#### Task brief
Begin with the line that holds "Come On Feel" and retype through the last line of the listing below, exactly; pictures are not part of the copy.

#### Supplied records
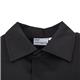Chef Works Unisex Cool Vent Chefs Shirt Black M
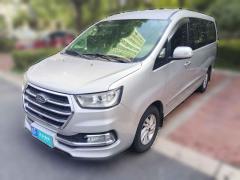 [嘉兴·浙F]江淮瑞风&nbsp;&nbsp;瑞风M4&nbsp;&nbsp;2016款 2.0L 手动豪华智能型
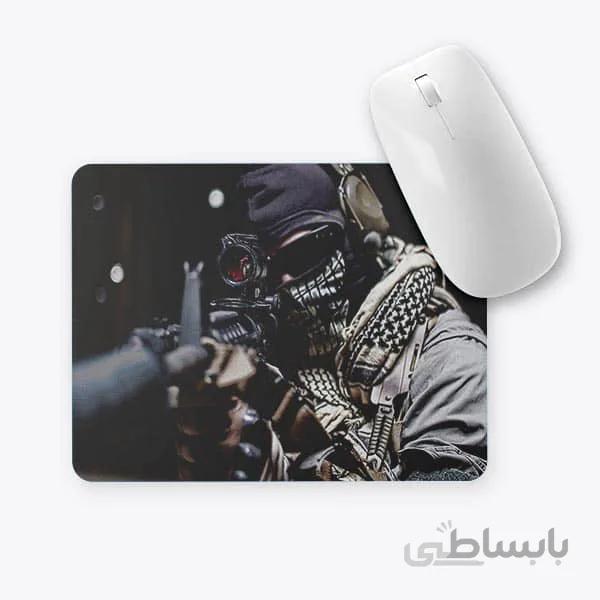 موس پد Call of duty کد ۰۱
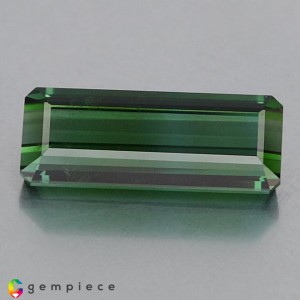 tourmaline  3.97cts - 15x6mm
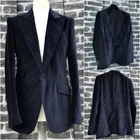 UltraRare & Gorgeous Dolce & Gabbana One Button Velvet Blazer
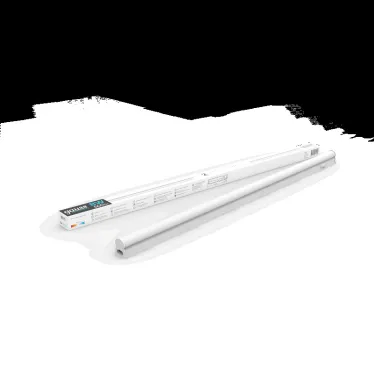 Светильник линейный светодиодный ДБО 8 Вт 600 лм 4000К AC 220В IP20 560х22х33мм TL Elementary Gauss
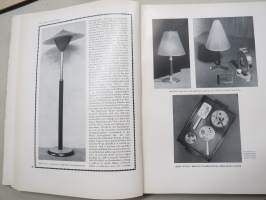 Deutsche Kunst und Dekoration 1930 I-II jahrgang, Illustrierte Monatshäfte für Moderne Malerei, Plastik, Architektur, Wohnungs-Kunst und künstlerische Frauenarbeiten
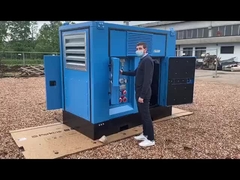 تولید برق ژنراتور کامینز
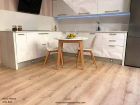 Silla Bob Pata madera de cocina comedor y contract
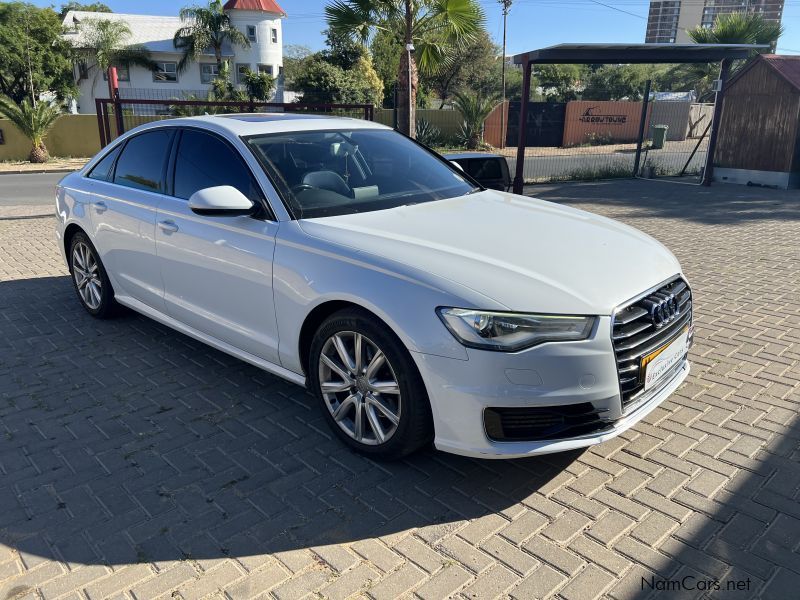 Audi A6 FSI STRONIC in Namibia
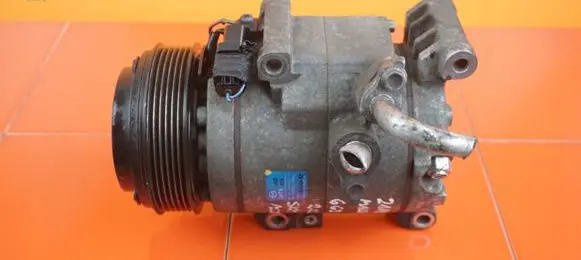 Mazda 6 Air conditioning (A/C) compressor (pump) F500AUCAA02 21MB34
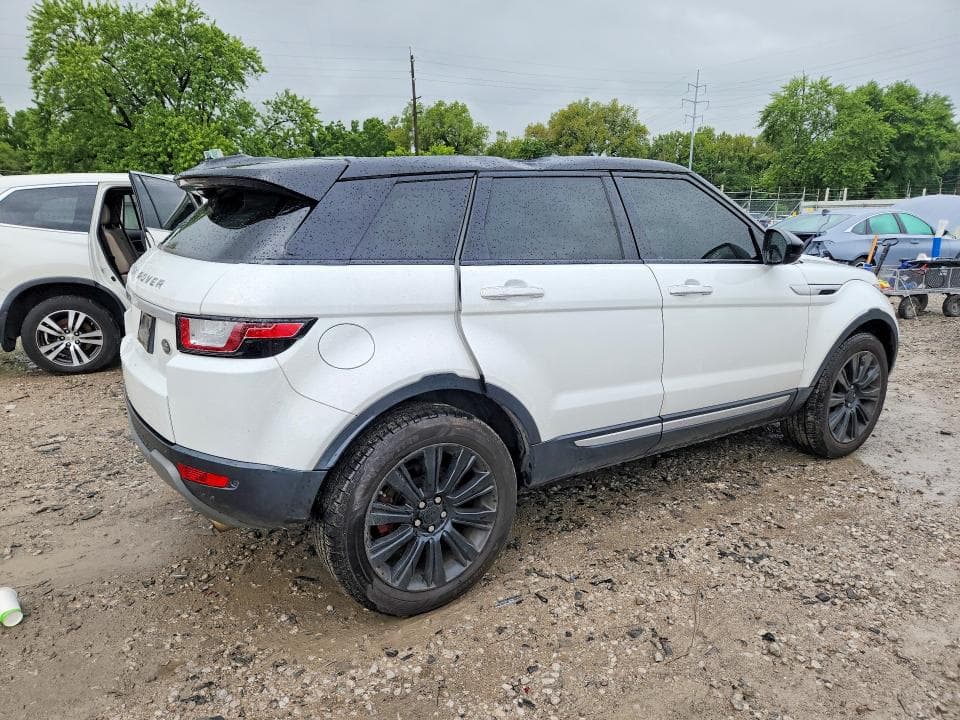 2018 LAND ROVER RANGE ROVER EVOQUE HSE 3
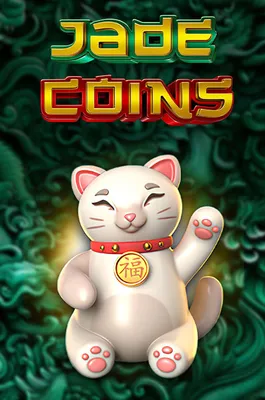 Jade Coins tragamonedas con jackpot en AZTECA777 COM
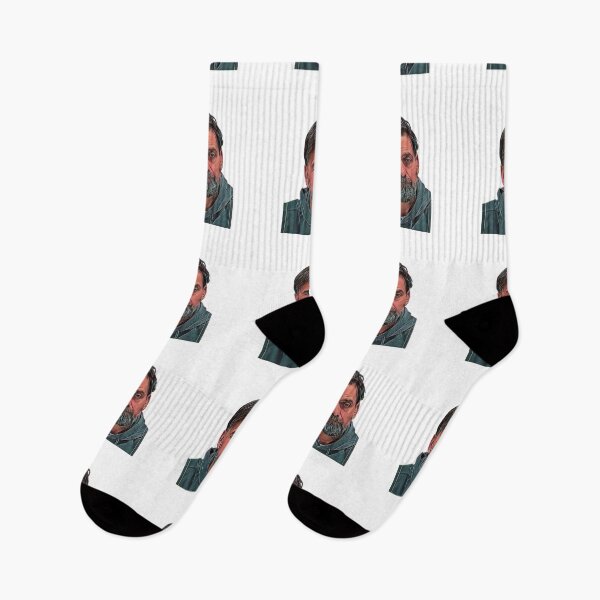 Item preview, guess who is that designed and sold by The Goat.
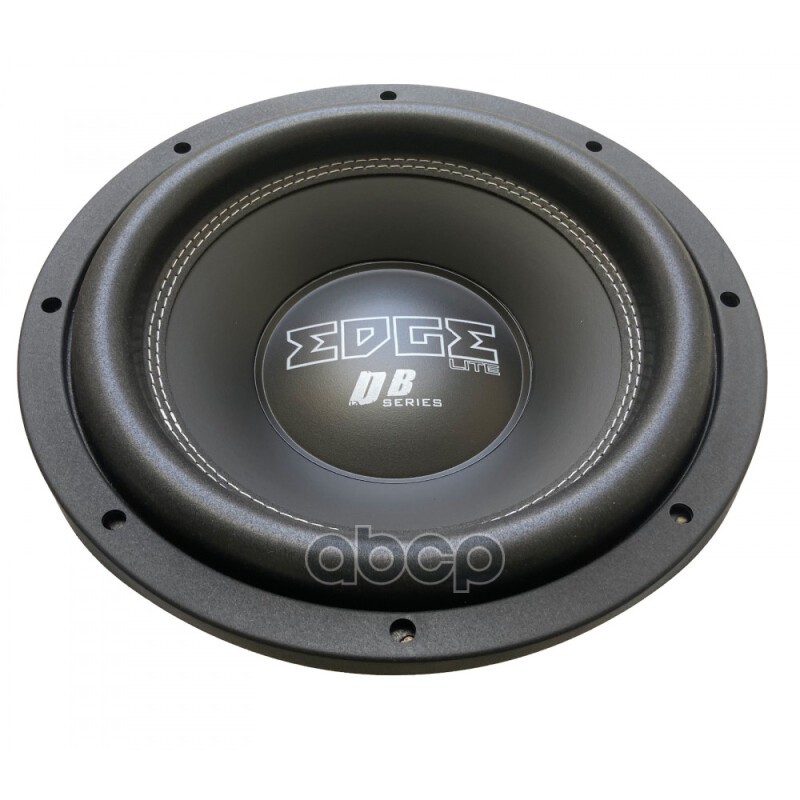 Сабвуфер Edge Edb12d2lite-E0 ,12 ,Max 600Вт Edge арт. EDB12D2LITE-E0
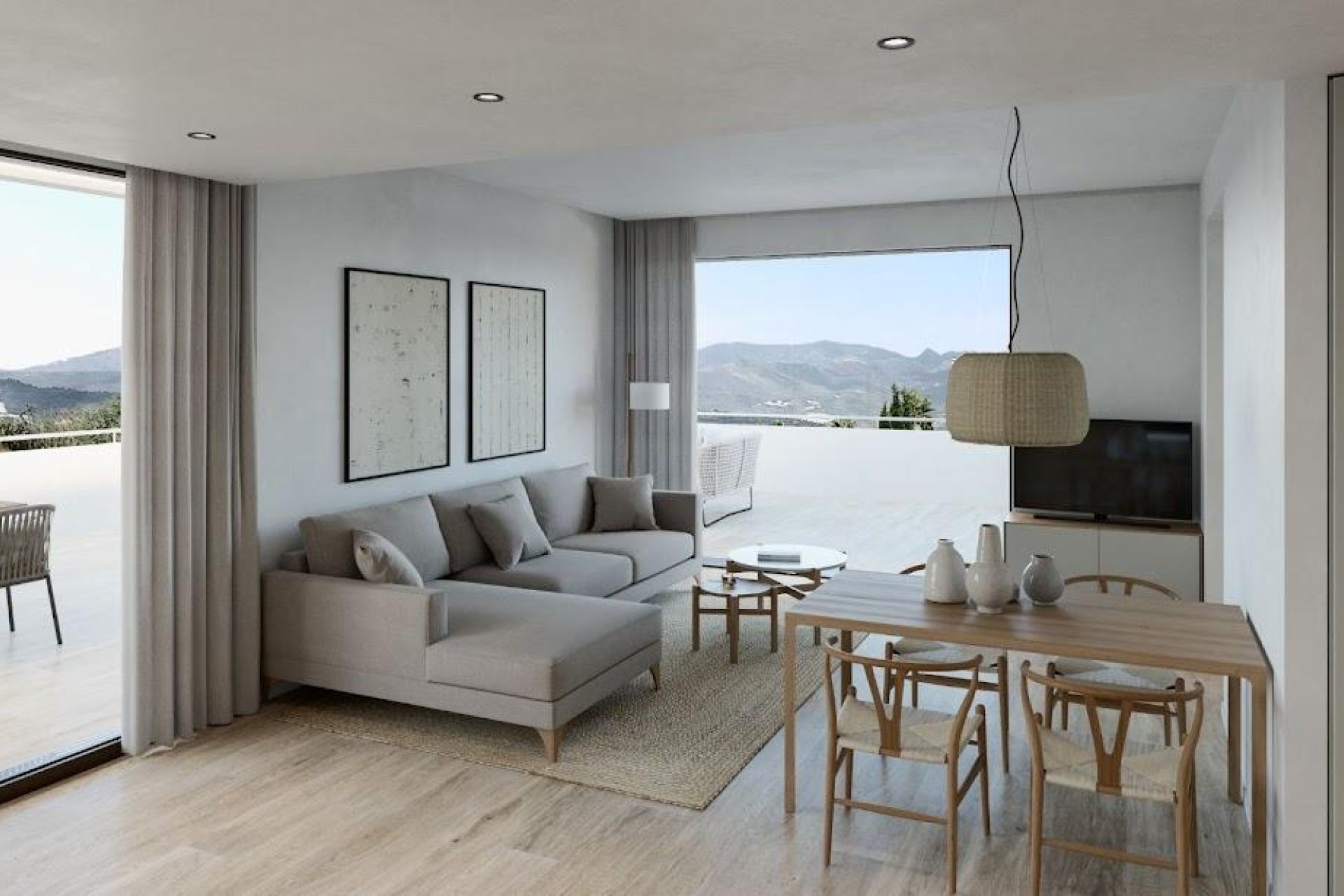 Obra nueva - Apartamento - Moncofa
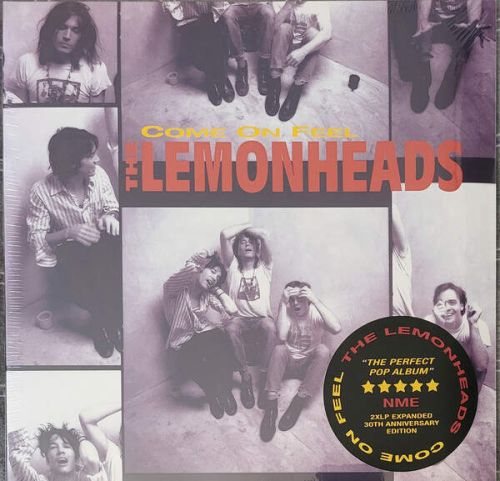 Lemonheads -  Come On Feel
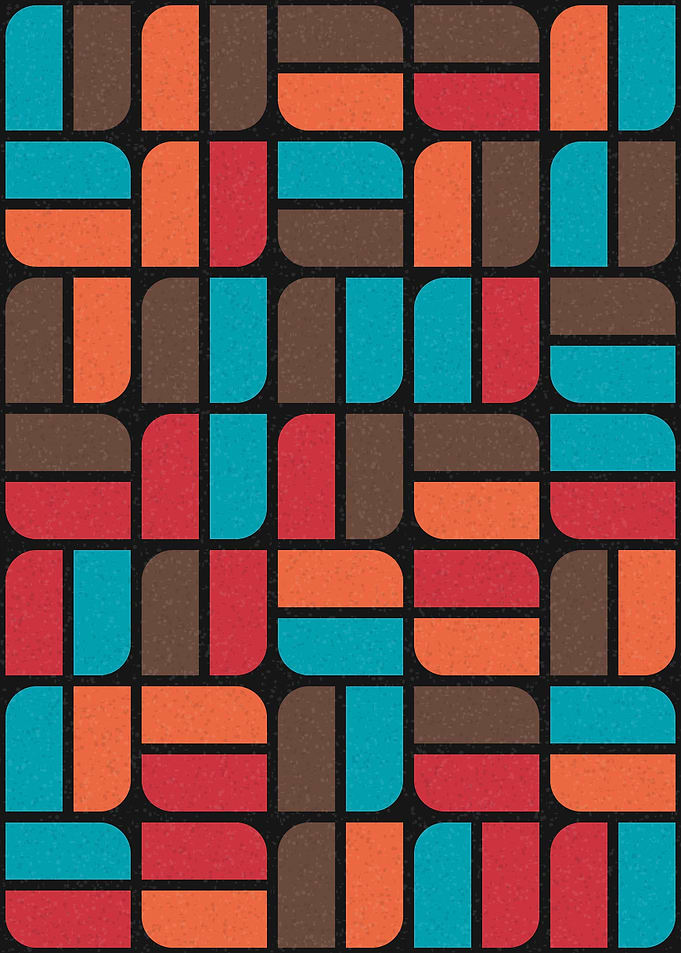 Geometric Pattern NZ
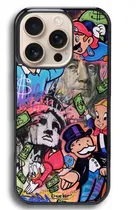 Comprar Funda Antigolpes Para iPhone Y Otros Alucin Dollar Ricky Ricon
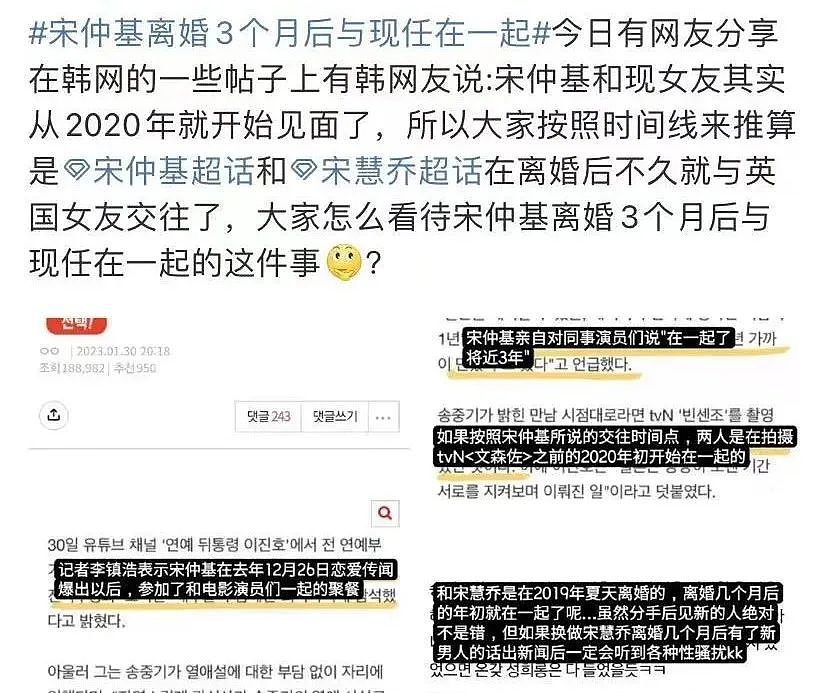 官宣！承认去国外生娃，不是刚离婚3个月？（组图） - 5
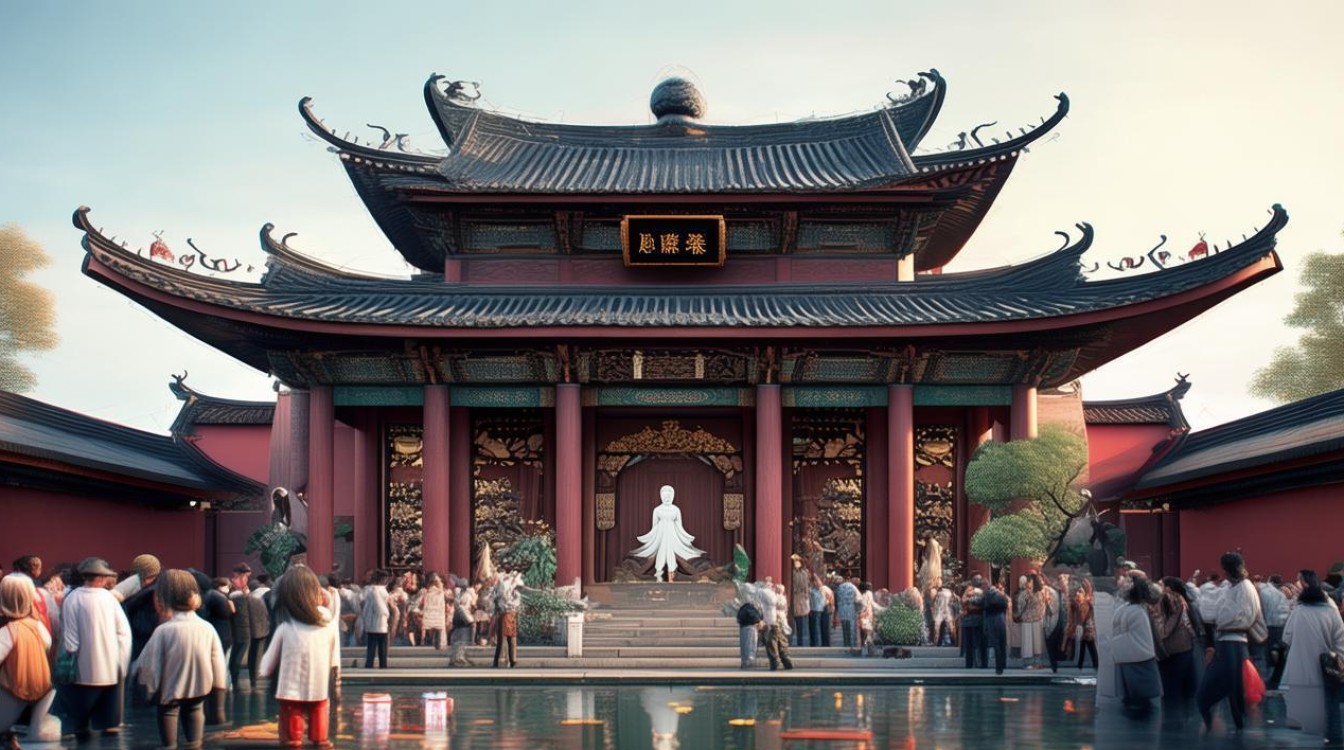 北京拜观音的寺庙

#### Exercise response
 Lemonheads -  Come On Feel
 Geometric Pattern NZ
 Comprar Funda Antigolpes Para iPhone Y Otros Alucin Dollar Ricky Ricon
 官宣！承认去国外生娃，不是刚离婚3个月？（组图） - 5
 北京拜观音的寺庙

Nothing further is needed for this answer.